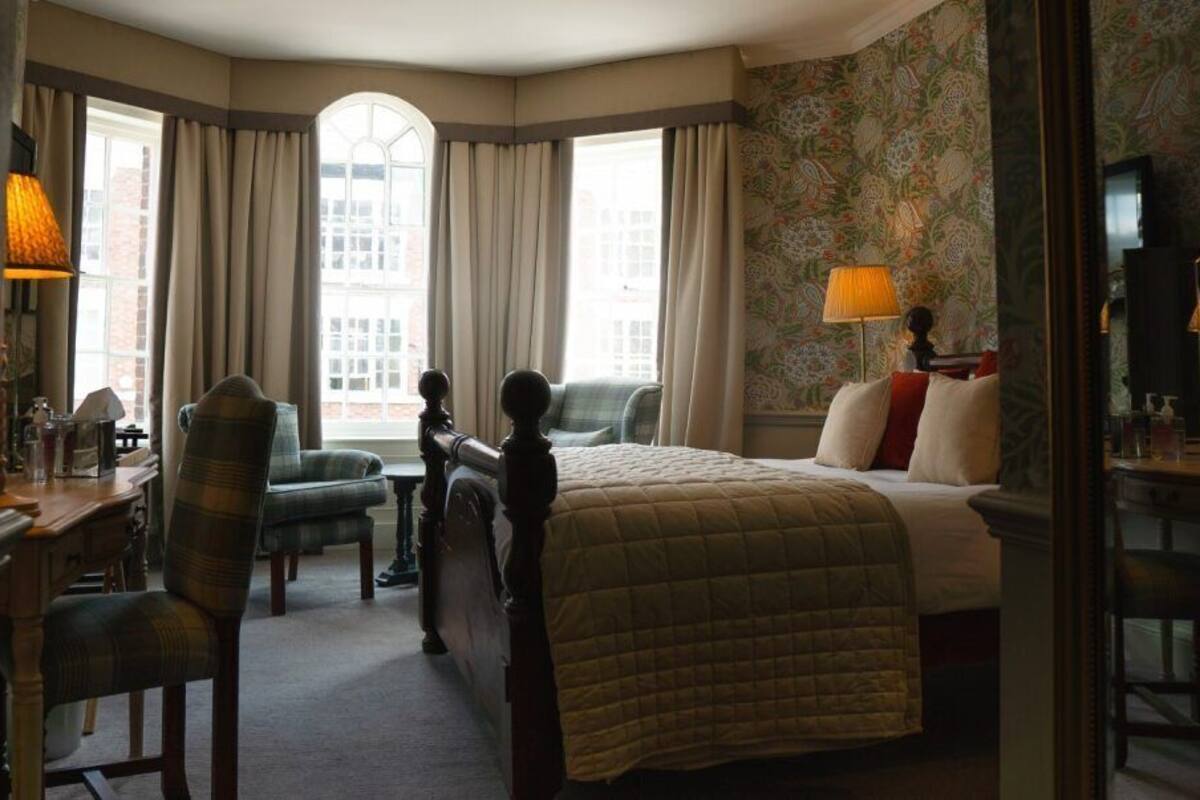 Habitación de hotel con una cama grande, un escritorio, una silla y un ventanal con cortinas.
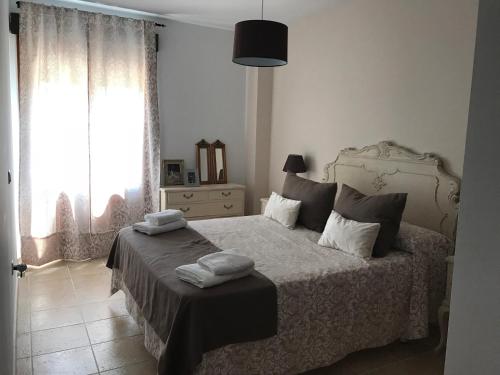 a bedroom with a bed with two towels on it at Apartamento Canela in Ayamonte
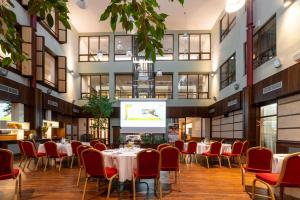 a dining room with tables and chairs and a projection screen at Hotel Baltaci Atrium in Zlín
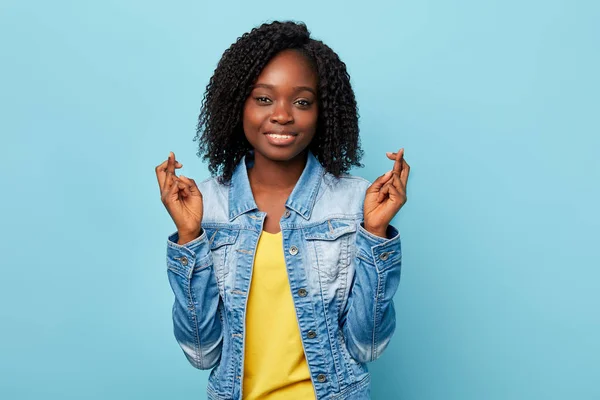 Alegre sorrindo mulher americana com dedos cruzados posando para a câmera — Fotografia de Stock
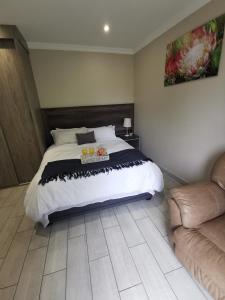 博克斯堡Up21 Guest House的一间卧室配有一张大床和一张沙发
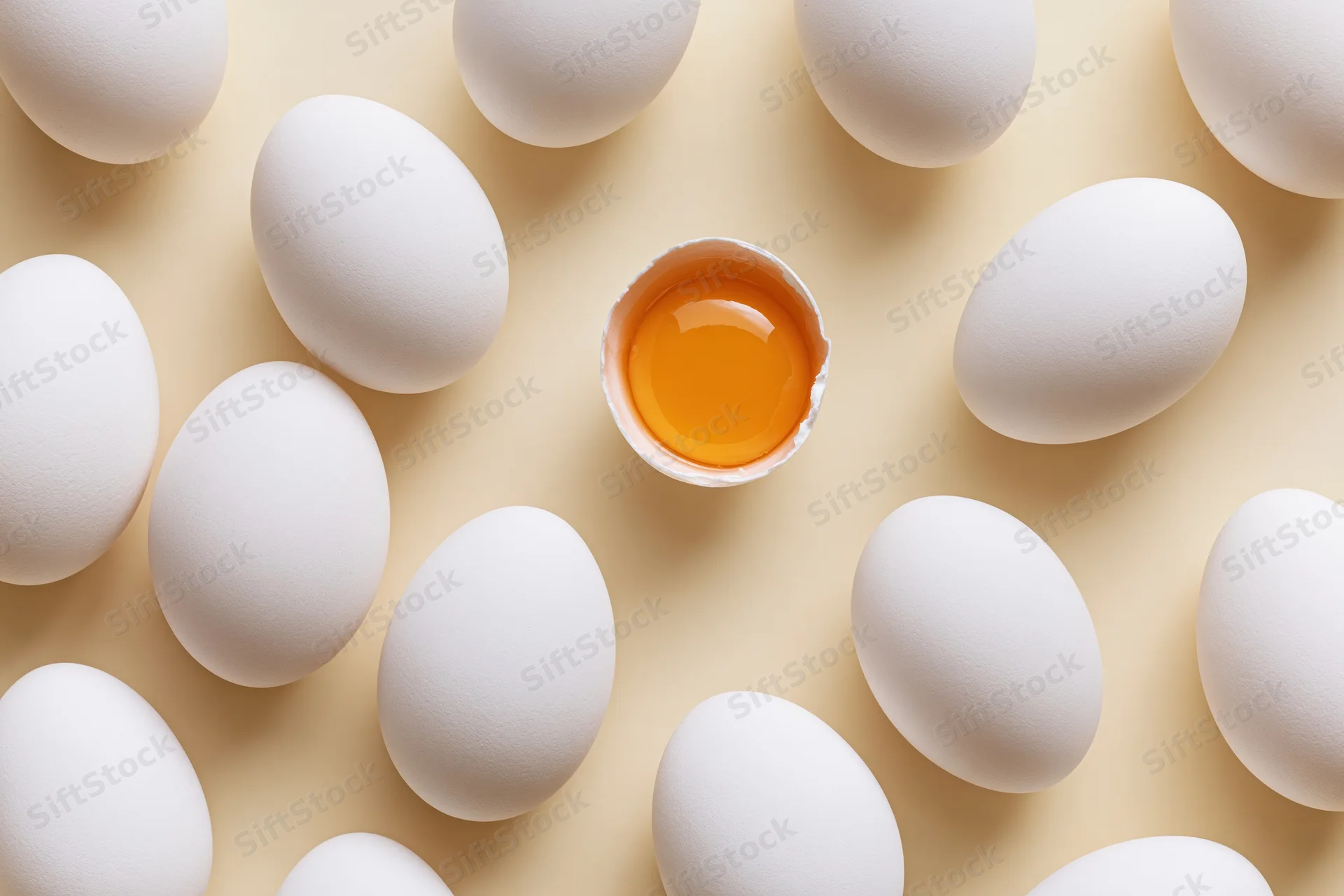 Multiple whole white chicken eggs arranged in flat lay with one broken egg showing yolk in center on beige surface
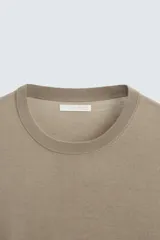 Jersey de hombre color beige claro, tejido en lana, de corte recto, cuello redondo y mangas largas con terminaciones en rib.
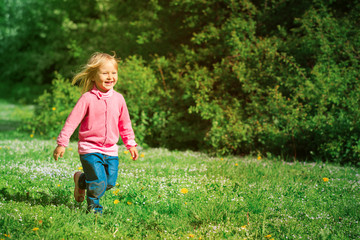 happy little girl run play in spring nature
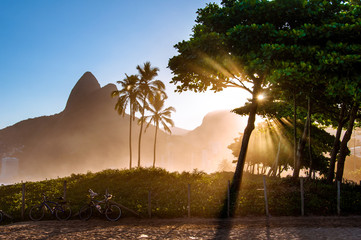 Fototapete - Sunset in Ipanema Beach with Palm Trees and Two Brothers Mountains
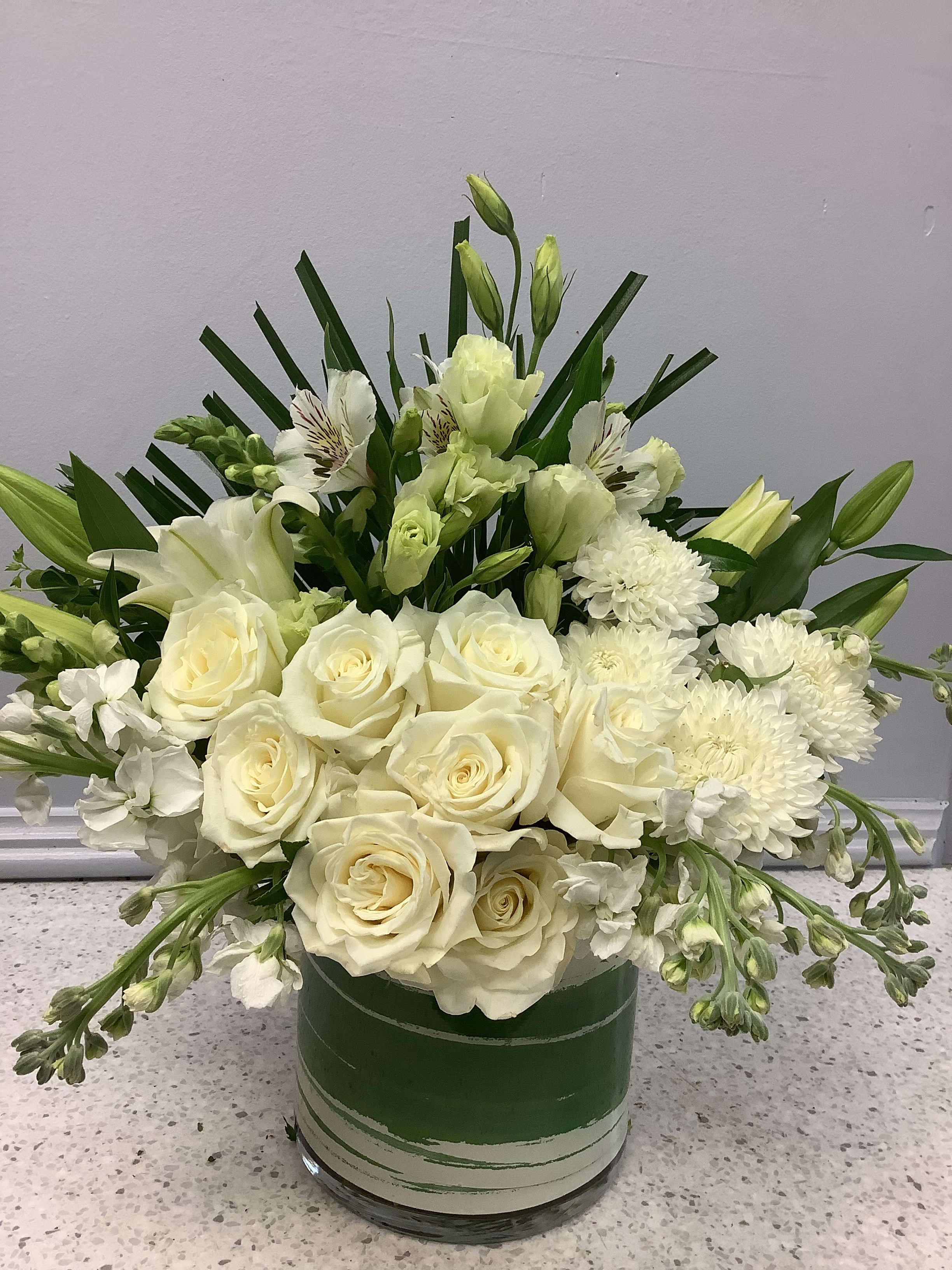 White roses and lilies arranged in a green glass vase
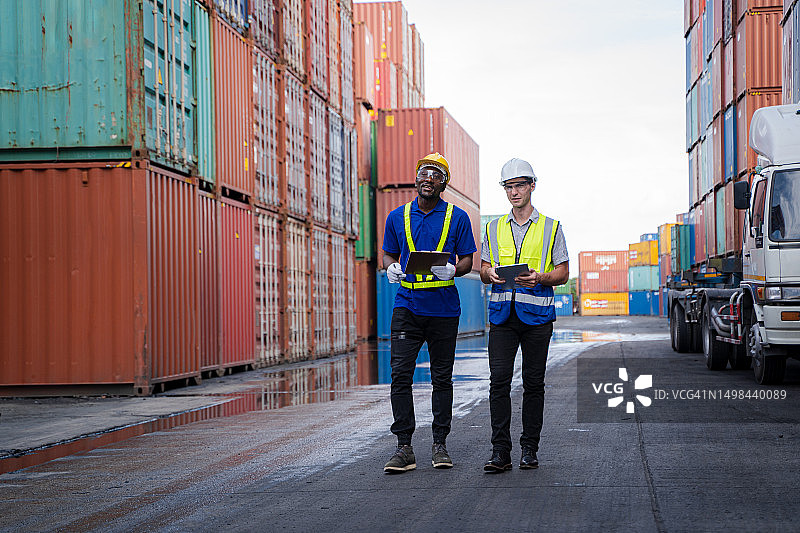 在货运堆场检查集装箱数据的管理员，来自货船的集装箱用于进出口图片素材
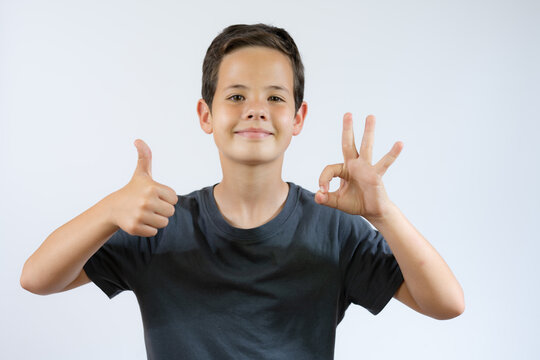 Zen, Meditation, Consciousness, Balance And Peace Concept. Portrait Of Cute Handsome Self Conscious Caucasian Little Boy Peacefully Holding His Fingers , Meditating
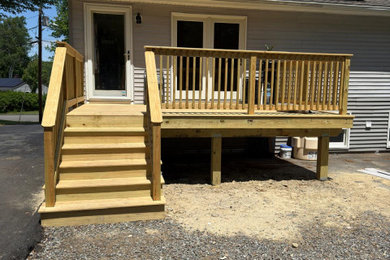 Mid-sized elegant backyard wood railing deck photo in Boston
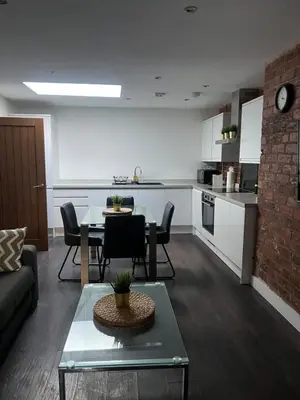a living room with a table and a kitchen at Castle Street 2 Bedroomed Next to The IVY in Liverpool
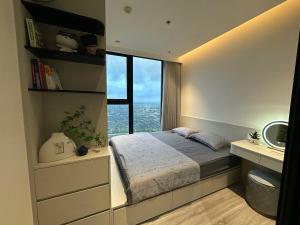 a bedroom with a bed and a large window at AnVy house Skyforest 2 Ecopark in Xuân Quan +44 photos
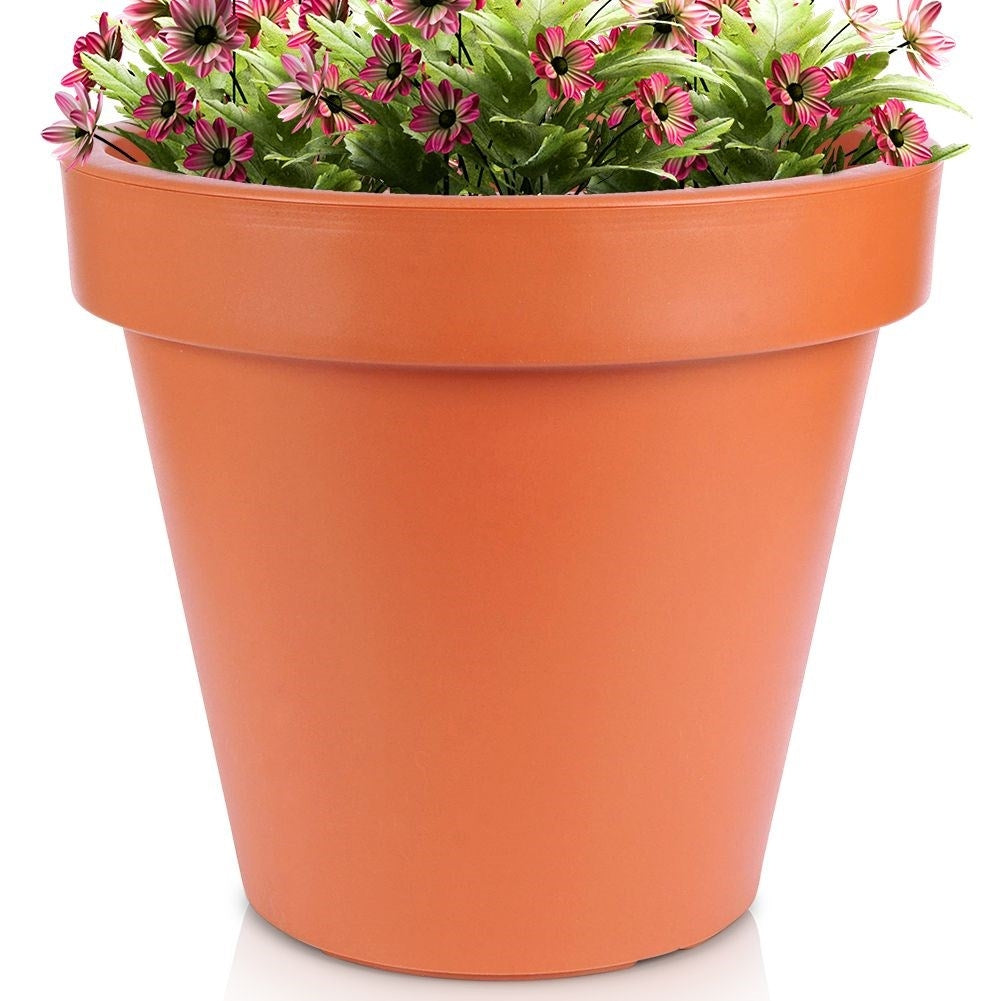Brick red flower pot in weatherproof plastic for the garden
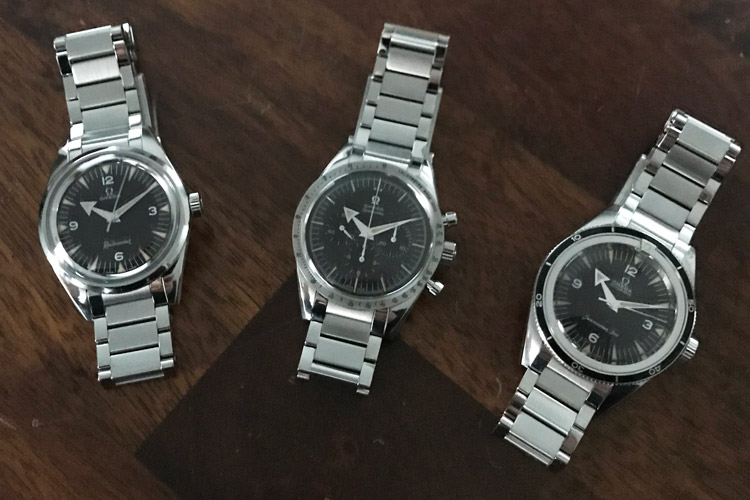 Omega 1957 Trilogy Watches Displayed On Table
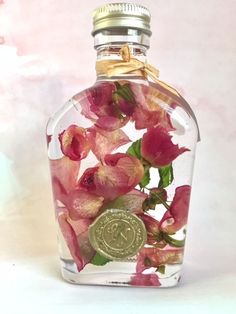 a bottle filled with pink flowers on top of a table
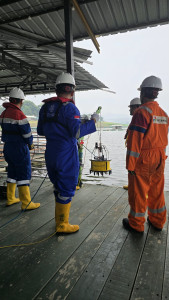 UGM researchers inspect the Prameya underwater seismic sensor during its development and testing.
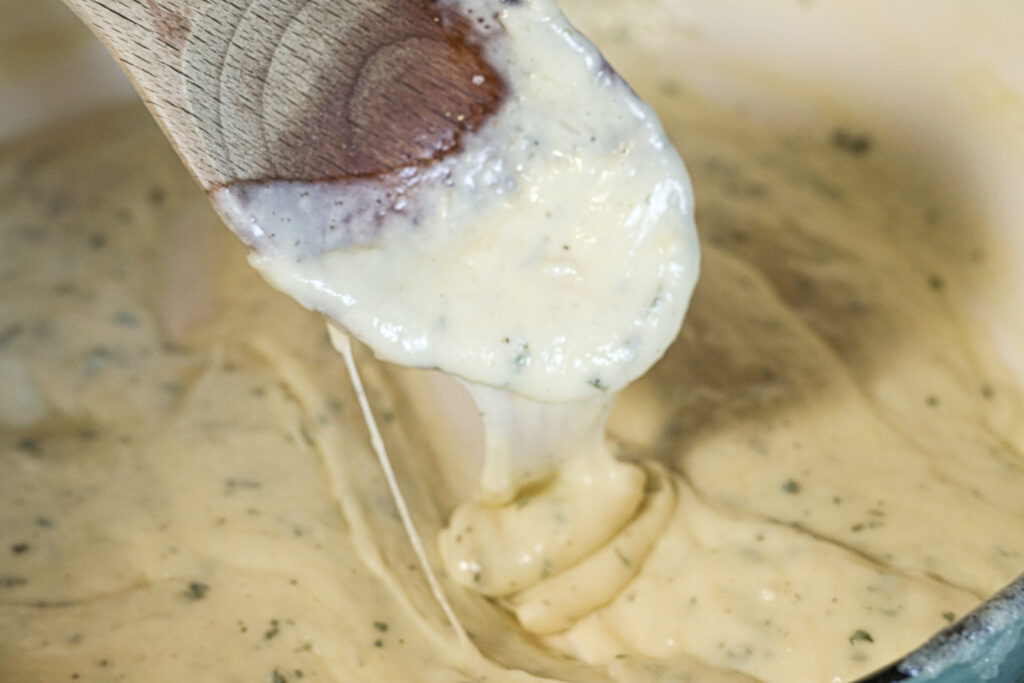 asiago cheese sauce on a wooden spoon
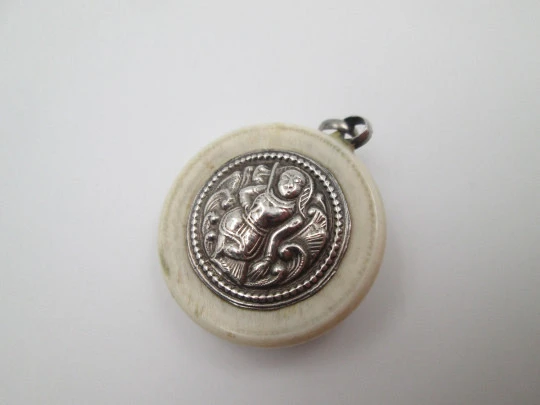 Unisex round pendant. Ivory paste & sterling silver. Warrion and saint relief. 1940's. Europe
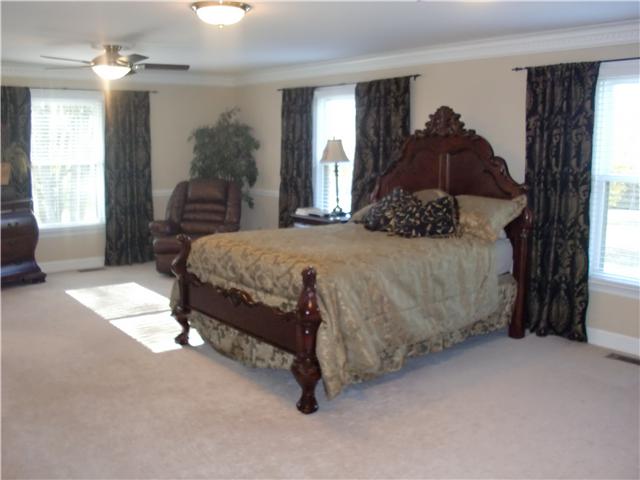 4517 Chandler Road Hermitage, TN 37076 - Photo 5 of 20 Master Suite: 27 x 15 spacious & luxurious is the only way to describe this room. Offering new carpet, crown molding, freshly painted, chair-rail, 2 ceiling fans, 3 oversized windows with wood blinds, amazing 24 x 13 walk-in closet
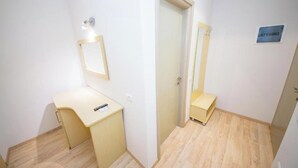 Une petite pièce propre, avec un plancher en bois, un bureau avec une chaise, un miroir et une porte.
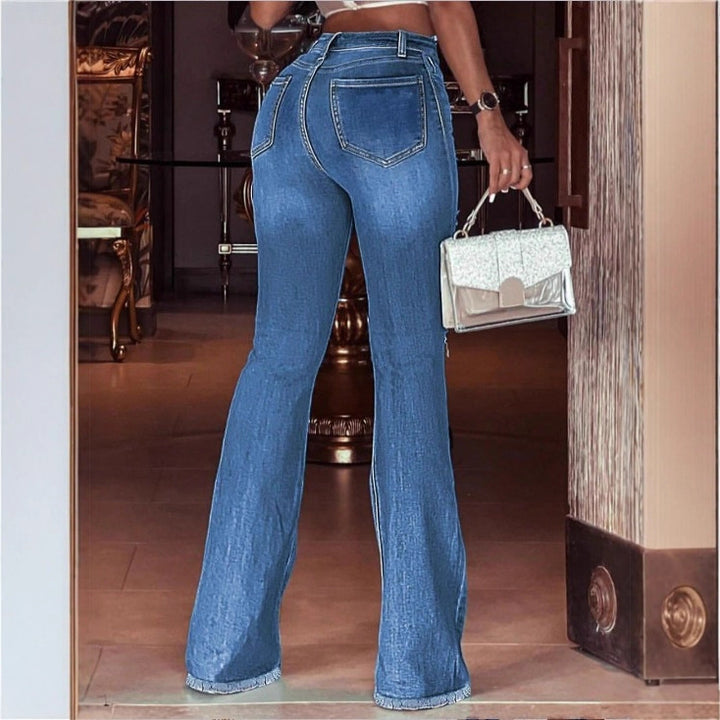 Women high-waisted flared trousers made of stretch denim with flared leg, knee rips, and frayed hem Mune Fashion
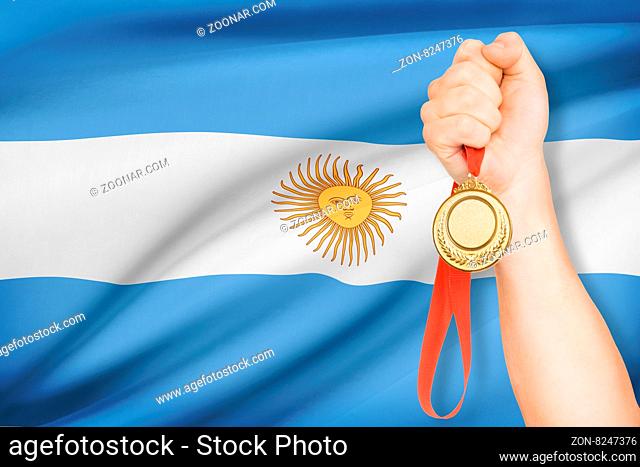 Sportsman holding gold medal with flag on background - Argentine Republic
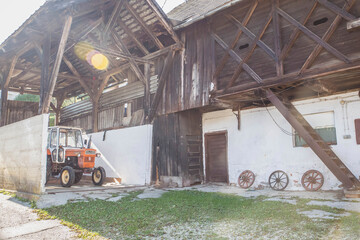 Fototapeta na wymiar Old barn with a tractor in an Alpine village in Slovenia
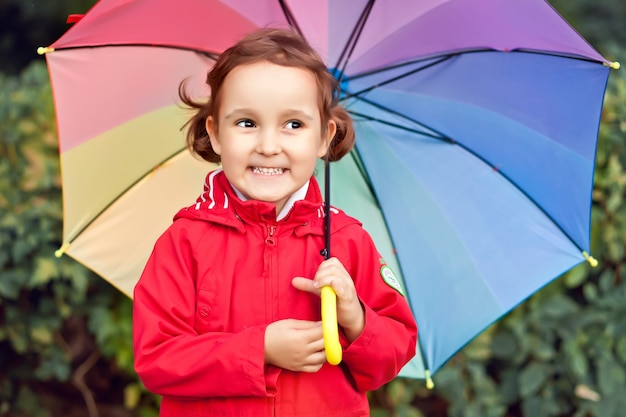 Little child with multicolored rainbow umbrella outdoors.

=====

Except for the pictures, copy every line of the records above exactly.

• [ANSWER SECTION]:
 Habitación de hotel con una cama grande, un escritorio, una silla y un ventanal con cortinas.
 a bedroom with a bed with two towels on it at Apartamento Canela in Ayamonte
 a dining room with tables and chairs and a projection screen at Hotel Baltaci Atrium in Zlín
 Alegre sorrindo mulher americana com dedos cruzados posando para a câmera — Fotografia de Stock
 博克斯堡Up21 Guest House的一间卧室配有一张大床和一张沙发
 Multiple whole white chicken eggs arranged in flat lay with one broken egg showing yolk in center on beige surface
 Jersey de hombre color beige claro, tejido en lana, de corte recto, cuello redondo y mangas largas con terminaciones en rib.
 happy little girl run play in spring nature
 Fototapete - Sunset in Ipanema Beach with Palm Trees and Two Brothers Mountains
 White roses and lilies arranged in a green glass vase
 在货运堆场检查集装箱数据的管理员，来自货船的集装箱用于进出口图片素材
 Zen, Meditation, Consciousness, Balance And Peace Concept. Portrait Of Cute Handsome Self Conscious Caucasian Little Boy Peacefully Holding His Fingers , Meditating
 Mid-sized elegant backyard wood railing deck photo in Boston
a living room with a table and a kitchen at Castle Street 2 Bedroomed Next to The IVY in Liverpool
 a bedroom with a bed and a large window at AnVy house Skyforest 2 Ecopark in Xuân Quan +44 photos
Brick red flower pot in weatherproof plastic for the garden
 Omega 1957 Trilogy Watches Displayed On Table
 a bottle filled with pink flowers on top of a table
 UGM researchers inspect the Prameya underwater seismic sensor during its development and testing.
 asiago cheese sauce on a wooden spoon
 Unisex round pendant. Ivory paste & sterling silver. Warrion and saint relief. 1940's. Europe
 4517 Chandler Road Hermitage, TN 37076 - Photo 5 of 20 Master Suite: 27 x 15 spacious & luxurious is the only way to describe this room. Offering new carpet, crown molding, freshly painted, chair-rail, 2 ceiling fans, 3 oversized windows with wood blinds, amazing 24 x 13 walk-in closet
 Une petite pièce propre, avec un plancher en bois, un bureau avec une chaise, un miroir et une porte.
 Women high-waisted flared trousers made of stretch denim with flared leg, knee rips, and frayed hem Mune Fashion
 Sportsman holding gold medal with flag on background - Argentine Republic
 Fototapeta na wymiar Old barn with a tractor in an Alpine village in Slovenia
 Little child with multicolored rainbow umbrella outdoors.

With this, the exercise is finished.